The effects of cancer are far-reaching and felt by millions of people across the world every year. The incidence rate of this disease is so high that, according to the Cancer Research UK, someone in the UK is diagnosed with cancer every two minutes. Over the past 40 years, the chances of survival following diagnosis have greatly improved, however, there is still a long way to go. For many individuals, simply accessing the right treatment can be a significant challenge. With more biosimilar cancer drugs becoming available to health services across the globe, there is now a greater chance for patients to access life-saving medications that were previously out of reach.
Biosimilars are alternative versions of existing biological medicines (also known as biologics). They are developed once the patents and period of market protection for the biological drug they are based on has expired. This expiration allows other manufacturers to replicate the biological drug, known as an “originator” or “reference drug”, with a version that is highly similar and shown to be similar to the original in terms of its quality, safety, and efficacy. Much like the drugs they are based on, biosimilars are derived from the tissues, cells, and proteins of biological organisms such as animals or some microorganisms.
Although biological drugs have been used to treat some of the most deadly and difficult diseases and chronic conditions for several decades, they are also among the most expensive treatments on the market. The high costs of these drugs are accrued through their research and development, but as biosimilars are based on biological medicines that have already gone through this expensive process, they are far cheaper than the reference drug. This means that a biosimilar for a known cancer treatment such as trastuzumab, which has traditionally traded under the brand name of Herceptin, is now produced by other manufacturers and sold at lower prices. Biosimilars of trastuzumab can now be purchased under the brand names of Herzuma and Ontruzant.
This availability has significant benefits for patients and healthcare providers. According to Dr Donghoon Shin, vice-president of the medical and lifecycle safety team at Samsung Bioepis, a biopharmaceutical company developing high-quality biosimilar medicines: “In addition to creating competition and a healthy market environment, biosimilars can help patients receive treatment at an earlier stage before a disease progresses irreparably.”
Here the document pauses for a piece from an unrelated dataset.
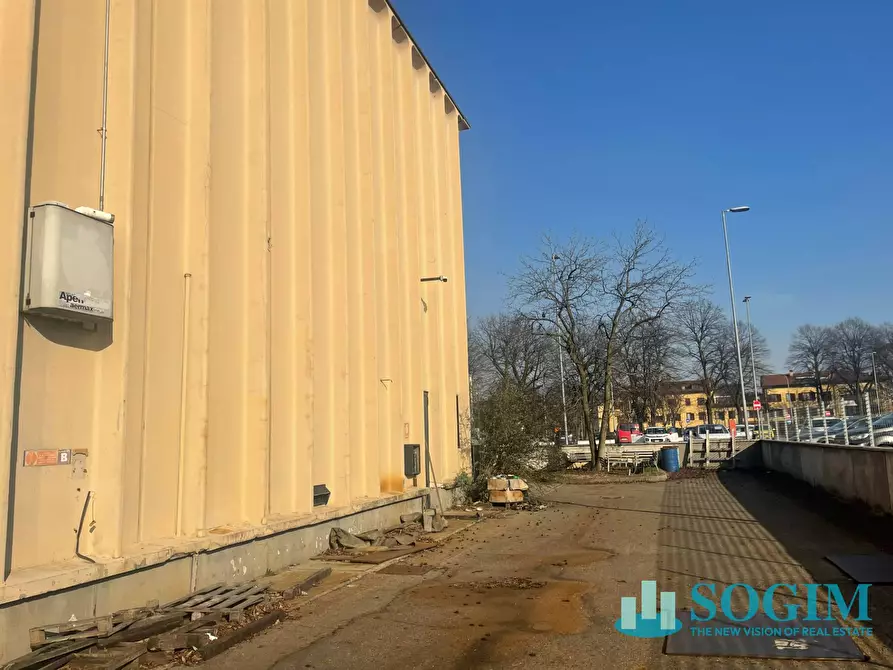 Immagine 16 di Capannone industriale in vendita  in viale europa a Brugherio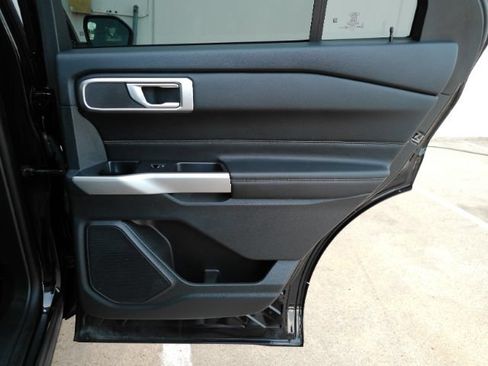 Used 2023 Ford Explorer XLT RWD image 22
He explained that a healthy and thriving biologic and biosimilar market would help to establish an important circle of sustainability within the healthcare system. By simultaneously sparking innovation for high-quality drugs, growing the market, and lowering costs, companies like Samsung Bioepis can ensure more patients not only have earlier access to treatments, but they also have more options too.
As the costs of cancer medicines are rising annually and sustainability of cancer care is becoming a critical topic for healthcare systems, the introduction of more biosimilar medicines can decrease the price of treatments for the NHS and hospital trusts. This is particularly crucial at a time when Covid-19 has introduced severe financial strains on healthcare services. By switching to biosimilar medicines, the NHS has announced it stands to save millions of pounds a year.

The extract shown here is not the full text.